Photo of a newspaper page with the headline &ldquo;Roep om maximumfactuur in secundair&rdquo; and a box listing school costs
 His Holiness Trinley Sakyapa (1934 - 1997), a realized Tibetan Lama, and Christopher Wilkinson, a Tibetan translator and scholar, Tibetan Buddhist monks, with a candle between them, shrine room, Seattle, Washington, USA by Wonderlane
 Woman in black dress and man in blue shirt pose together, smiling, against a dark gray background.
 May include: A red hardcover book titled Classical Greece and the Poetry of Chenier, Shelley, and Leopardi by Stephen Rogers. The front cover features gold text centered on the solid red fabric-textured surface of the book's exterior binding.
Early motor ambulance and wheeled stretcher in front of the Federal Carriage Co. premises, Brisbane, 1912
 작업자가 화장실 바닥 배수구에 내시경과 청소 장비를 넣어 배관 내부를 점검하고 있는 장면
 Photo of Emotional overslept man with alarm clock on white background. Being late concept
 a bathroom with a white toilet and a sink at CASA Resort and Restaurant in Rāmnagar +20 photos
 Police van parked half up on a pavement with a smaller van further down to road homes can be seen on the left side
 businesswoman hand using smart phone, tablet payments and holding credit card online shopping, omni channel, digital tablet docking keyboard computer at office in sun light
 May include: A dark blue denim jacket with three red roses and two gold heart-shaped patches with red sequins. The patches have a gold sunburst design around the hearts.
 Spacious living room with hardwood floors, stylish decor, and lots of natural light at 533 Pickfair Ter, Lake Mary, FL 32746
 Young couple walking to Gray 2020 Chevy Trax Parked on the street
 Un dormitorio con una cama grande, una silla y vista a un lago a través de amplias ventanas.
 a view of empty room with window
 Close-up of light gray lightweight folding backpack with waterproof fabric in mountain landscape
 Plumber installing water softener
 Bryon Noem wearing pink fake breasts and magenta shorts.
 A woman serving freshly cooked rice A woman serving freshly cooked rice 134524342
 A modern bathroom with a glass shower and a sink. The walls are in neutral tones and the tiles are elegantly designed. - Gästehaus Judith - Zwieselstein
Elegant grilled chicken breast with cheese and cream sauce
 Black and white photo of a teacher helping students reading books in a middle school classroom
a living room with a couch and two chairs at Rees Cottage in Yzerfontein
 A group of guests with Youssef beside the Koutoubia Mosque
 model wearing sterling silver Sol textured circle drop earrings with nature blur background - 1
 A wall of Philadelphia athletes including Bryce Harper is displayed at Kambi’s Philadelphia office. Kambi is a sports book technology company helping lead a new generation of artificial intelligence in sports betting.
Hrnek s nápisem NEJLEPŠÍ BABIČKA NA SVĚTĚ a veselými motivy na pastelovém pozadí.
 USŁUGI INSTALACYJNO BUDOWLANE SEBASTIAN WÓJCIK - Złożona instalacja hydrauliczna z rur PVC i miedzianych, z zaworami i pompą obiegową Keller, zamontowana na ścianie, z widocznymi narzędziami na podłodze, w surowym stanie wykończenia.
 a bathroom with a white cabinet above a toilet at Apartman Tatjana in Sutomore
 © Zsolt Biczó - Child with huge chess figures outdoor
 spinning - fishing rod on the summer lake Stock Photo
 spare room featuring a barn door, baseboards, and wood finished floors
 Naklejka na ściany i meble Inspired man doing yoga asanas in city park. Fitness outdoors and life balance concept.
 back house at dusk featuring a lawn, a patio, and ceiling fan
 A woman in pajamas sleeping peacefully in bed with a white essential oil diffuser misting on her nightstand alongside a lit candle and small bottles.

══════

» Problem description
Please set down the entire material above exactly as presented.

» Solution for this problem
Photo of a newspaper page with the headline &ldquo;Roep om maximumfactuur in secundair&rdquo; and a box listing school costs
 His Holiness Trinley Sakyapa (1934 - 1997), a realized Tibetan Lama, and Christopher Wilkinson, a Tibetan translator and scholar, Tibetan Buddhist monks, with a candle between them, shrine room, Seattle, Washington, USA by Wonderlane
 Woman in black dress and man in blue shirt pose together, smiling, against a dark gray background.
 May include: A red hardcover book titled Classical Greece and the Poetry of Chenier, Shelley, and Leopardi by Stephen Rogers. The front cover features gold text centered on the solid red fabric-textured surface of the book's exterior binding.
Early motor ambulance and wheeled stretcher in front of the Federal Carriage Co. premises, Brisbane, 1912
 작업자가 화장실 바닥 배수구에 내시경과 청소 장비를 넣어 배관 내부를 점검하고 있는 장면
 Photo of Emotional overslept man with alarm clock on white background. Being late concept
 a bathroom with a white toilet and a sink at CASA Resort and Restaurant in Rāmnagar +20 photos
 Police van parked half up on a pavement with a smaller van further down to road homes can be seen on the left side
 businesswoman hand using smart phone, tablet payments and holding credit card online shopping, omni channel, digital tablet docking keyboard computer at office in sun light
 May include: A dark blue denim jacket with three red roses and two gold heart-shaped patches with red sequins. The patches have a gold sunburst design around the hearts.
 Spacious living room with hardwood floors, stylish decor, and lots of natural light at 533 Pickfair Ter, Lake Mary, FL 32746
 Young couple walking to Gray 2020 Chevy Trax Parked on the street
 Un dormitorio con una cama grande, una silla y vista a un lago a través de amplias ventanas.
 a view of empty room with window
 Close-up of light gray lightweight folding backpack with waterproof fabric in mountain landscape
 Plumber installing water softener
 Bryon Noem wearing pink fake breasts and magenta shorts.
 A woman serving freshly cooked rice A woman serving freshly cooked rice 134524342
 A modern bathroom with a glass shower and a sink. The walls are in neutral tones and the tiles are elegantly designed. - Gästehaus Judith - Zwieselstein
Elegant grilled chicken breast with cheese and cream sauce
 Black and white photo of a teacher helping students reading books in a middle school classroom
a living room with a couch and two chairs at Rees Cottage in Yzerfontein
 A group of guests with Youssef beside the Koutoubia Mosque
 model wearing sterling silver Sol textured circle drop earrings with nature blur background - 1
 A wall of Philadelphia athletes including Bryce Harper is displayed at Kambi’s Philadelphia office. Kambi is a sports book technology company helping lead a new generation of artificial intelligence in sports betting.
Hrnek s nápisem NEJLEPŠÍ BABIČKA NA SVĚTĚ a veselými motivy na pastelovém pozadí.
 USŁUGI INSTALACYJNO BUDOWLANE SEBASTIAN WÓJCIK - Złożona instalacja hydrauliczna z rur PVC i miedzianych, z zaworami i pompą obiegową Keller, zamontowana na ścianie, z widocznymi narzędziami na podłodze, w surowym stanie wykończenia.
 a bathroom with a white cabinet above a toilet at Apartman Tatjana in Sutomore
 © Zsolt Biczó - Child with huge chess figures outdoor
 spinning - fishing rod on the summer lake Stock Photo
 spare room featuring a barn door, baseboards, and wood finished floors
 Naklejka na ściany i meble Inspired man doing yoga asanas in city park. Fitness outdoors and life balance concept.
 back house at dusk featuring a lawn, a patio, and ceiling fan
 A woman in pajamas sleeping peacefully in bed with a white essential oil diffuser misting on her nightstand alongside a lit candle and small bottles.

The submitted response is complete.